Pass simplifyVector = TRUE to resp_body_json() to enable jsonlite's automatic data.frame conversion — httr2 passes this argument through to jsonlite internally. Without it, resp_body_json() returns a nested R list. The req_throttle() function limits requests per second to avoid rate-limiting: req_throttle(req, rate = 10) allows at most 10 requests per second.

Working with Nested JSON Lists

When fromJSON() returns a nested list (either because simplifyVector = FALSE or because the JSON has irregular structure), the tidyverse provides the most ergonomic tools for extraction and transformation. purrr::map() applies a function over list elements; tidyr::unnest_wider() spreads list-columns into separate columns.

library(jsonlite)
library(purrr)
library(tidyr)
library(dplyr)

# ── Nested JSON from a real API (GitHub repos) ────────────────────
json_text <- '{
  "name": "ggplot2",
  "owner": {"login": "tidyverse", "id": 22032646},
  "topics": ["r", "visualization", "ggplot2"],
  "license": {"key": "mit", "name": "MIT License"}
}'

repo <- fromJSON(json_text)

# Direct nested access with $ and [[]]
repo$owner$login     # "tidyverse"
repo$license[["key"]] # "mit"
repo$topics[2]        # "visualization" (1-indexed in R)
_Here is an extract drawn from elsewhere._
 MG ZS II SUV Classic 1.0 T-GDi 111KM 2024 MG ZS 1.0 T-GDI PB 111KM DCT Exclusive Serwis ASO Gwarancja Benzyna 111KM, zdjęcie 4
# ── Safe deep access with purrr::pluck() ─────────────────────────
# pluck() returns NULL (not an error) if path doesn't exist
pluck(repo, "owner", "login")   # "tidyverse"
pluck(repo, "missing", "field") # NULL — no error

# ── Extract fields from a list of nested objects ──────────────────
# Simulated list of repos (fromJSON with simplifyVector = FALSE)
repos <- fromJSON("https://api.github.com/orgs/tidyverse/repos",
                  simplifyVector = FALSE)

# Extract a single field from every element
repo_names <- map_chr(repos, "name")
# c("ggplot2", "dplyr", "tidyr", ...)

star_counts <- map_int(repos, "stargazers_count")
# c(6721, 4832, ...) — numeric vector of star counts

# ── Build a data.frame from nested lists ─────────────────────────
repo_df <- map_dfr(repos, function(r) {
  data.frame(
    name    = r$name %||% NA_character_,
    stars   = r$stargazers_count %||% NA_integer_,
    lang    = r$language %||% NA_character_,
    license = pluck(r, "license", "key", .default = NA_character_),
    stringsAsFactors = FALSE
  )
})

# ── Unnest list-columns from fromJSON output ──────────────────────
# When fromJSON auto-creates list-columns for nested objects:
users_df <- fromJSON("https://jsonplaceholder.typicode.com/users")
class(users_df$address)   # "data.frame" (nested data.frame column!)

# The nested address data.frame is already accessible:
users_df$address$city     # c("Gwenborough", "Wisokyburgh", ...)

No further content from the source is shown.